However, this type of aggregate input can be used by malicious users to fool the data collection systems. For example, a review site might leverage location tracking to measure a restaurant’s popularity by noting the average number of people present during the day. A canny restaurateur may then pay people to stand in the restaurant without buying anything. The restaurant’s measured popularity rises but has no relationship to its quality.
AR technologies that constantly collect data will drive the adoption of such collaborative sensing applications; thus, these security concerns will increase in importance. As another example, the Community Seismic Network aggregates accelerometer sensor data of many individuals to detect and predict earthquakes; an attacker could manipulate the sensors to “spoof” unusual seismic activity, for example, by encouraging many individuals monitored by the project to jump at once in the context of an unrelated game. (For example, Improv Everything13 asks users to play provided audio files as a designated time and follow the audio instructions.) Trusted sensors30—while important to prevent other attacks—do not help in these cases, as real-world conditions are manipulated.
Data access. In addition to showing different content to different users, communicating AR systems will allow users to share virtual content with each other. For example, one user may create a virtual document within their private AR system and later choose to share its display with the systems of other users. Some sharing may even be implicit; imagine an AR system that automatically uses the camera feeds of nearby users to provide a given user with a real-time 3D model of him or herself.
The implicit or explicit sharing of data across separate AR systems can enable valuable applications. However, appropriate access control models and interfaces are needed to allow users to manage this sharing. Today, users already have difficulty forming mental models of their privacy settings on services like Facebook because of the complexity of relationships between people and data items.18 The vast amount of data collected by AR systems and the integration of virtual objects with the real world will make this problem only more difficult.
Defensive Directions
Here, we outline several defensive directions for AR technologies. First, some of the security and privacy challenges associated with AR technologies are similar to those faced by smartphones today, such as the privacy of sensor data and cross-application sharing. In some cases, an appropriate defensive direction for AR is to adapt smartphone solutions. For example, permission manifests and the app store review process may be adopted in the short term.

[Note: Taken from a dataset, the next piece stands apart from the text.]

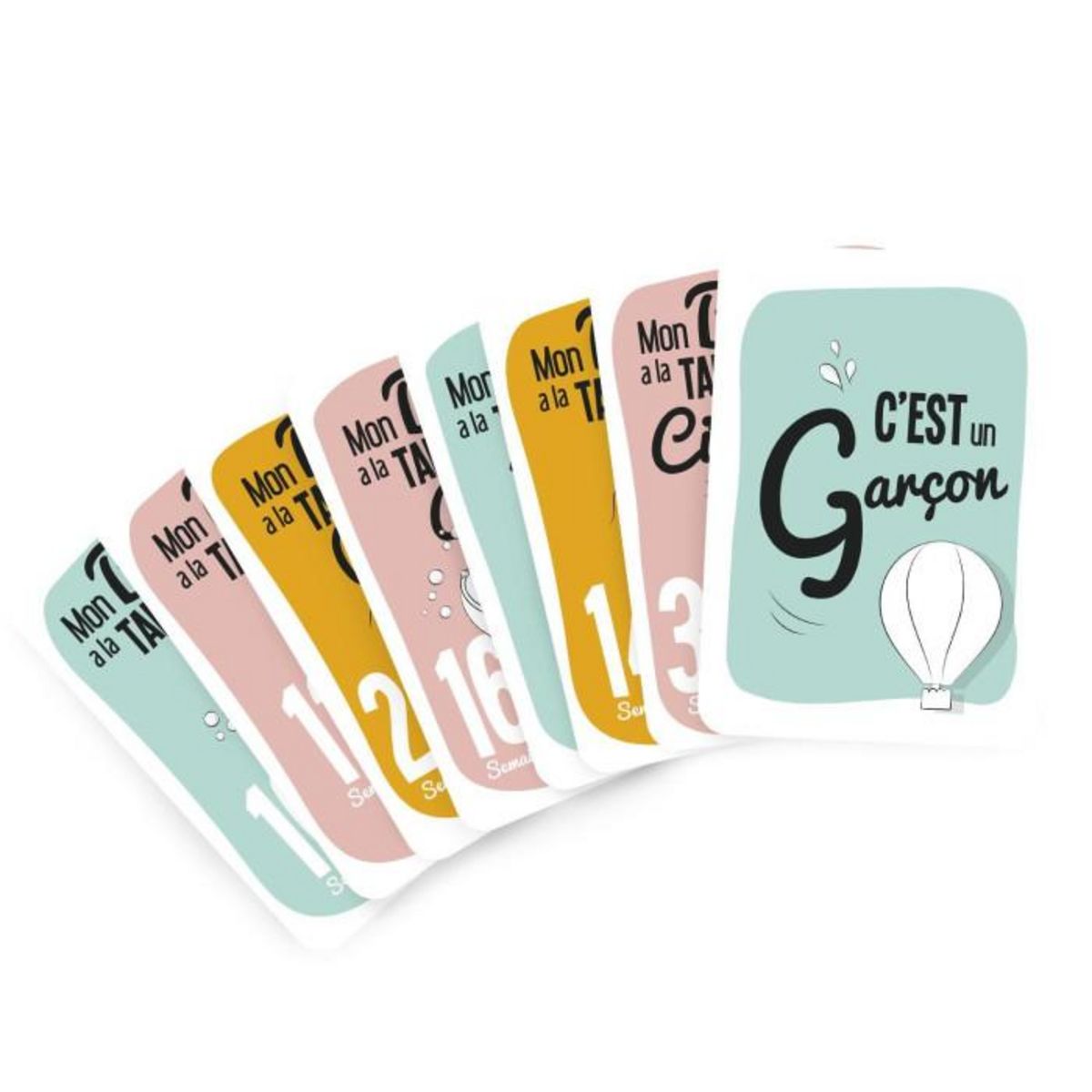 Paris Prix Lot de 20 Cartes  Grossesse  18cm Multicolore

In the long term, however, there are several reasons that approaches in the AR context must differ from smartphone solutions. First, an analysis of the resource needs of smartphone applications28 showed that most require only one-time or short-term access to most resources, making solutions that require in-context user interactions (such as user-driven access control28) feasible. By contrast, AR applications will require long-term or permanent access to sensor data at a scale beyond smartphone applications. Further, AR resource access will not be as clear to users and to bystanders as in the smartphone context—for example, an AR system’s camera will always be on, whereas a smartphone’s camera, even if turned on by malware, provides much less data while the phone is in the user’s pocket. Thus, we argue it is important to consider full-fledged future AR contexts when designing solutions in this space.

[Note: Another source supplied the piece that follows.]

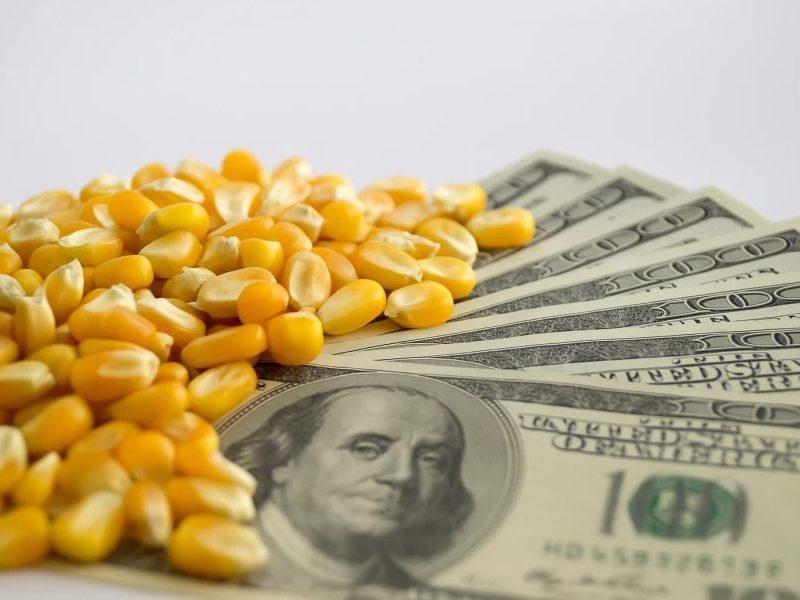 Dólar mais alto deve favorecer preços do milho nos portos e na B3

Along these lines, new research into AR-specific solutions will be needed. For example, researchers have begun considering operating system support specific to AR.7 AR applications—and the underlying OS—naturally follow the pipeline shown in Figure 4, so research can be characterized accordingly, and different research models can assume different boundaries between the application and the OS. In the first stage, sensing, an application (or the OS) gathers raw sensory data such as audio, video, or radio waves; research here includes limiting which sensed information is collected (for example, polite cameras9,31) or limiting its use (for example, retention policies). Second, in the recognition stage, machine-learning algorithms extract objects with high-level semantics: as an example, the figure shows a Kinect skeleton, a face, the associated name, and voice command triggers. Related research includes changing objects to cause false negatives (for example, CVDazzle10) and policies governing application access to objects.15 Finally, the application (or the OS) renders on top of the user’s senses, such as vision and hearing. Research here includes uncovering invariants that must be respected to avoid harming the user and building a performant “trusted renderer” that respects these invariants.

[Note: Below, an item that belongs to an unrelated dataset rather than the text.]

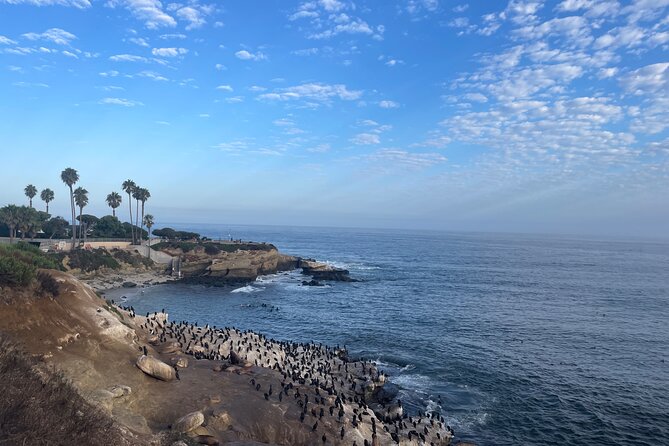 Guided Historic La Jolla Village Walking Tour - Planning Your Guided La Jolla Village Walking Tour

Not all AR defensive directions will consist of technical solutions. Some challenges may call for social, policy, or legal approaches; for example, potential policies for bystander opt-outs and compliant cameras, as discussed earlier. Other issues will similarly benefit from non-technical approaches.
Finally, we call for an AR testbed for researchers working in this space. Most experimental AR applications today rely on the Microsoft Kinect or smartphone platforms like Layar; both involve only single applications running at one time, thereby hiding challenges that arise as AR systems increase in complexity.
Novel Applications
Though AR technologies create important security and privacy concerns, there is also an unexplored opportunity for them to enhance security and privacy through their application to existing problems. Here, we consider opportunities for new security and privacy enhancing applications enabled by AR technologies and systems. Our list is undoubtedly incomplete; we hope to see rich future work in this area.
Leveraging personal views. AR systems that integrate heads-up or other personal displays can leverage these personal views to address existing security and privacy concerns—in particular, protecting private data and improving password management.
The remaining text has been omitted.